Three things you need to keep in mind as you read my posts:

1.) I have extremely sexy eyebrows.
2.) I didn't handpick all of those videos to the right. I love Adam Curtis, and this was my YouTube compromise.
3.) I like semicolons; I think they're fun!

Friday, July 4, 2008

Do I Believe in God?

Short Answer: Yes.

Longer Answer: What the fuck is God?

I had a date last night, and over mojitos, which are proof that God exists (mmm!), she asked me about my educational history. It's strange, but you can trace my developmental path and the unfolding of who I am today by tracking my accumulation of degrees. The way that I assume some people reflect back and think about relationships or maybe jobs perhaps, as markers of who they were at distinct points along the course of their lives, I track myself based on who I was and what I was during different degree programs.

To be certain, I am a consumer of education. In fact, student loans are my only source of debt. Oh! Well, a hospital bill too, but I don't have consumer debt. I believed the lie that education was the route to overcoming the horrors of oppression. Education is how you obviate racism, right? Uh- no, but people like to tell you that lie when you're a smart little black girl.

So, I tried a path, didn't work, retrained through education. Didn't produce the results that I wanted, so I retrained through education. Decided that I'd like to be upwardly mobile, and decided to professionalize through education. Decided that I was tired of working for (sometimes with, but mostly frustrated by the for) dumbfucks who were grossly incompetent, so I sought advancement through education. This shit is starting to look like a hamster wheel. Dizzying, nauseating, disorienting, and it requires a lot of work without actually moving you anywhere.

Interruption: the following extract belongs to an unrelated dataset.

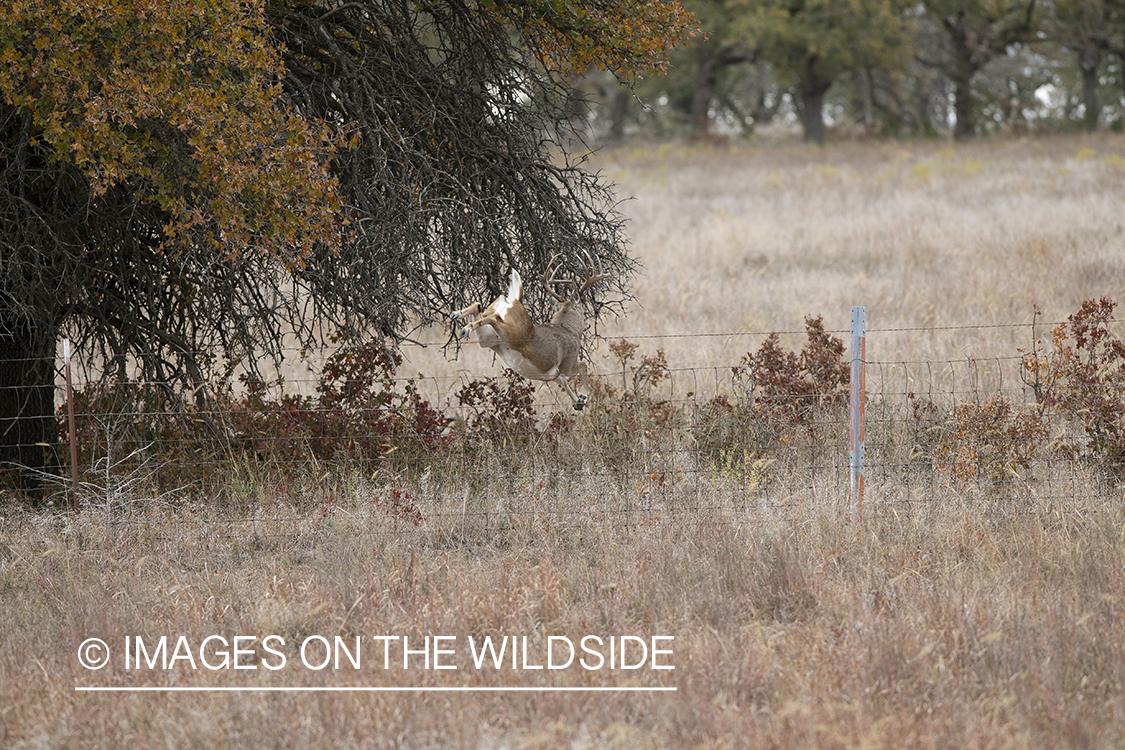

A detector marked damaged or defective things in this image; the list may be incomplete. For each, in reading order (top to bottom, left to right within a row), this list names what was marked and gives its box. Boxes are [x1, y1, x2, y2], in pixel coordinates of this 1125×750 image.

rusty fence post [852, 308, 868, 524]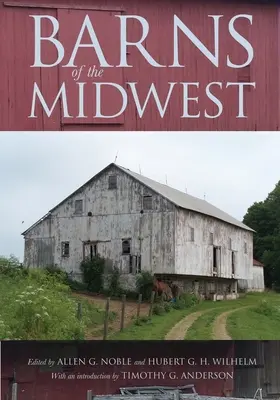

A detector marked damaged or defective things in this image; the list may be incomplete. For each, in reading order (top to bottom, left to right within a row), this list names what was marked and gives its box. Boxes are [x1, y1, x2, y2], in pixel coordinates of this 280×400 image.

rusted metal roof [22, 164, 254, 236]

Get a degree little black girl. Then your life would be what you dream of. More education little black girl, then you can be an astronaut. Graduate school little black girl, then people won't mistreat you. Have you tried a PhD little black girl? People who have a doctorate are never maligned. Little black girl. Yeah you, the one who's crying. Do you realize that the only reason life is so hard is because you just aren't really all that smart? So, go get a degree little black girl and stop making things so hard on yourself.

That's the dumb shit that oppression will teach you. It is your fault little black girl, so why don't you go somewhere and learn how to act right!